**Entries supplied**
—————

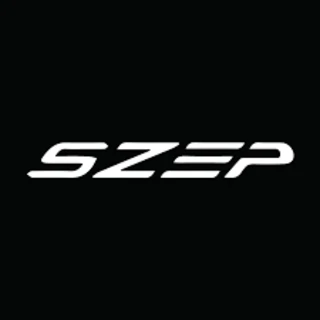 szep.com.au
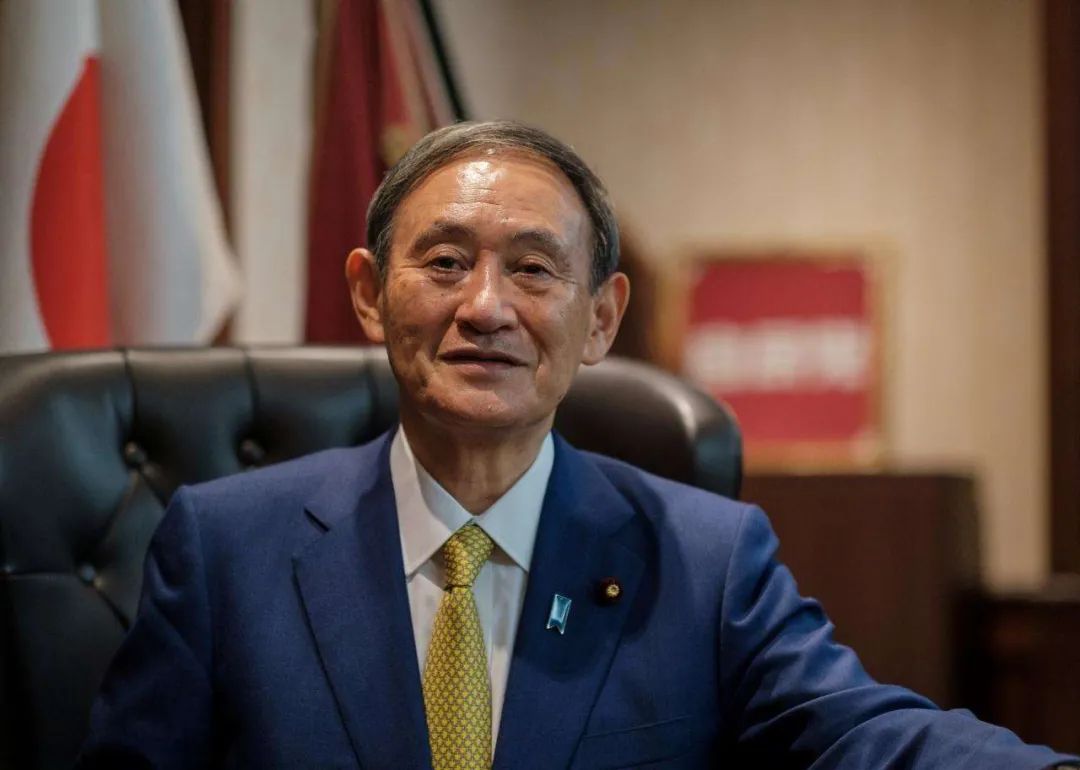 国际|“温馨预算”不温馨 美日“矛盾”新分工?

—————

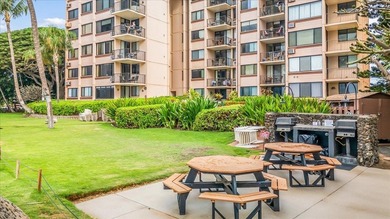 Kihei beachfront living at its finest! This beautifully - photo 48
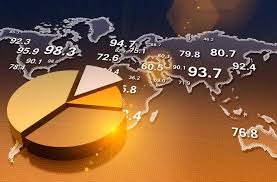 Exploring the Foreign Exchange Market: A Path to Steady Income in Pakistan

—————

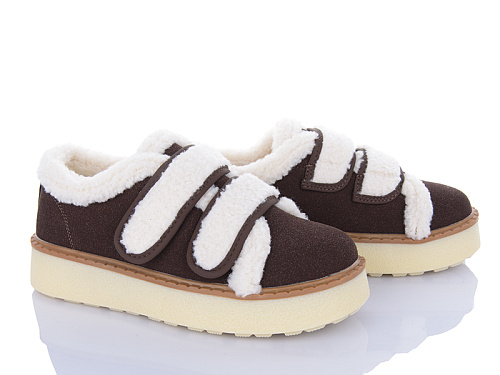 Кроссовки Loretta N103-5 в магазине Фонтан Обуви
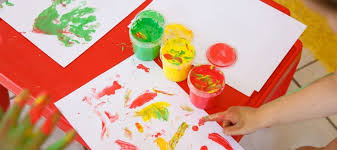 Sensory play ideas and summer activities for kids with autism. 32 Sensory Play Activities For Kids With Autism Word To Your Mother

—————

**Problem**
Beginning at the line above that contains "Kihei beachfront living", repeat each line exactly through the one that contains "Exploring the Foreign", and leave out the pictures.

**Exercise solution**
 Kihei beachfront living at its finest! This beautifully - photo 48
 Exploring the Foreign Exchange Market: A Path to Steady Income in Pakistan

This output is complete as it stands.